Viaggiare è necessario. E, nel viaggiare, diviene spontaneo ambire a una meta sia quando si parte, sia quando si torna: anzi, in questo secondo caso la voglia di raggiungere la meta che rappresenta il punto dal quale si era partiti può divenire lancinante: la parola italiana “nostalgia” ha nel suo etimo il termine greco nòstos, “ritorno”.
Nella fenomenologia di tutti i culti religiosi è in qualche modo nota una dimensione analoga, affine o paragonabile a quella che i latini chiamavano peregrinatio: il viaggio alla ricerca di una meta giunti alla quale si entri in qualche modo in contatto con il Sacro e nella quale ci si possa stabilire fino alla morte o dalla quale si possa tornare portando a chi è restato a casa una testimonianza dell’obiettivo raggiunto.
Possiamo dire che le religioni si dividono ordinariamente in due grandi categorie. Da una parte quelle a struttura mitica e a carattere immanente, dove cioè il Divino è presente nella natura o nel cosmo. Dall’altra quelle a struttura storica e a carattere trascendente, dove il Divino sta al di sopra della natura e del cosmo, ma irrompe nella storia. Le prime sono quelle che noi definiamo solitamente “religioni naturali”; alle seconde, le “religioni rivelate”, appartengono propriamente solo le tre grandi religioni di ceppo abramitico.
Il pellegrino delle “religioni naturali” si mette in viaggio per raggiungere un luogo nel quale il Sacro sia in qualche modo raggiungibile e attingibile, e dal contatto con il quale si possa assorbire la sua energia: una fonte, una montagna, un vulcano, una grotta, un oggetto, un monumento o manufatto di speciale valore, qualcosa al quale appunto si conferisce un valore o una forza sacrali: ad esempio i bethelim, le “pietre nere” nelle antiche religioni semitiche; oppure la pietra a struttura ogivale di Delfi, l’omphalos, inteso come centro cosmico irradiante energia.
Il pellegrino delle “religioni rivelate” procede invece verso una meta che costituisce la testimonianza storica del contatto con il Divino e che è quindi “santificante”: gli oggetti in qualche modo pertinenti a tale testimonianza sono quelli che i greci definivano leipsana e i latini pignora, le “reliquie”, che con la loro stessa esistenza costituiscono una prova del patto che in un certo luogo e in un certo tempo è stato stipulato tra Dio e l’uomo.

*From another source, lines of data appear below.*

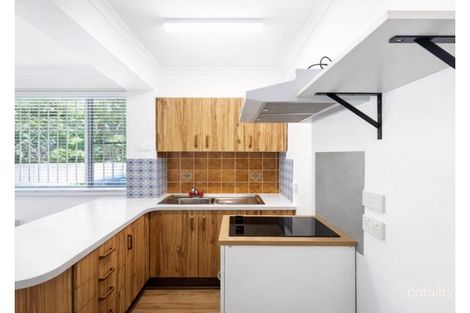 Property photo of 643 Robinson Road West Aspley QLD 4034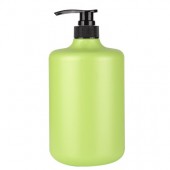 1000ml 헤어팩(E)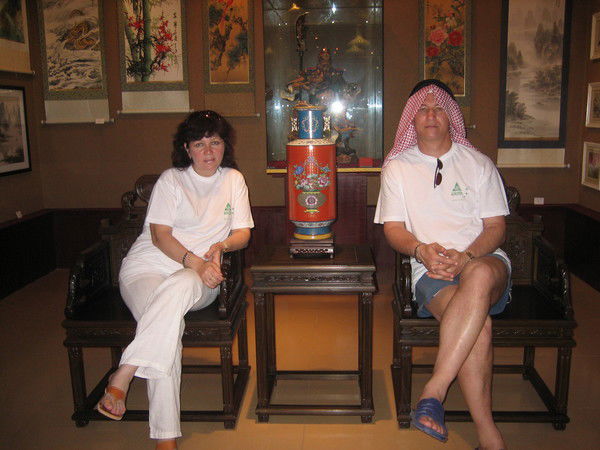 Римма Кракасевич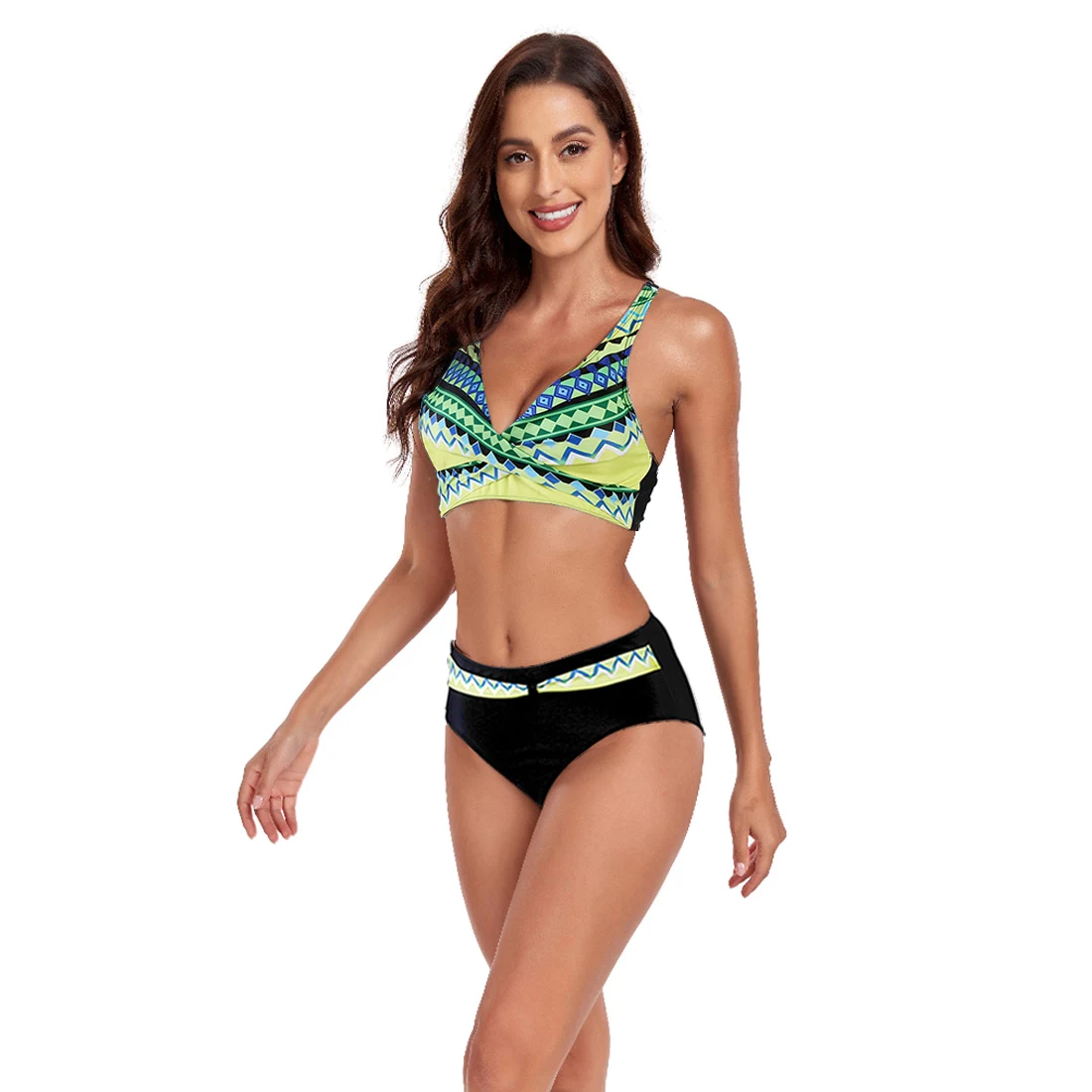 product image - 10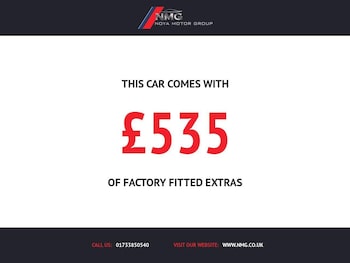 Used Skoda Superb 2017 for sale - 76865736: Photo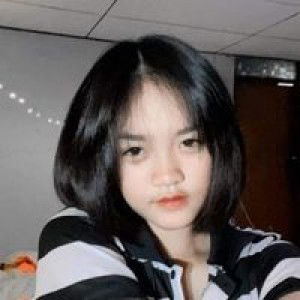 Kwang Kwang profile icon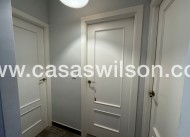 Venta - Apartamento - La Zenia - Costa Blanca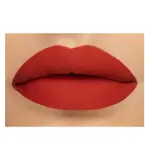 Velvet Rose Matte Lipstick MS Department Store Oman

Dal momento che si tratta appunto di una dimensione abramitica, la sostanza di quel patto è presente nelle Sacre Scritture che ne garantiscono la veridicità: per gli ebrei il monte Moriah, sul quale secondo la tradizione Dio aveva prescritto ad Abramo d’immolargli in sacrificio il figlio Isacco, e sulla cima del quale Salomone fece erigere il Tempio di Gerusalemme; per i cristiani il complesso dei Luoghi Santi identificati in età costantiniana, sempre a Gerusalemme, come la tomba di Gesù e le adiacenti alture del Calvario e la cisterna della Vera Croce; per i musulmani la Santa Kaaba della Mecca.
Tali luoghi furono e restano ancor oggi mete sacrali di un pellegrinaggio che i fedeli delle tre religioni sorelle ritengono, sia pure in diverso modo e con differente perentorietà, importante compiere: la aliah gli ebrei, la peregrinatio i cristiani, lo hajj i musulmani. Naturalmente, vi sono anche per ognuna delle tre fedi altre mete di pellegrinaggio, spesso secondarie ma non di rado molto importanti.
I primi cristiani, usciti dall’ambiente ebraico, mantennero amore e rispetto per Gerusalemme: ma fino dal I secolo, con gli apostoli Pietro e Paolo, elessero a loro nuova città santa, accanto a quella di Salomone e di Gesù, la Città Eterna. È dunque alla sacralità di Roma che bisogna guardare, specie alla vigilia di un Anno Santo, di un Giubileo. Alla domanda del grande perdono è profondamente connessa la Via Francigena.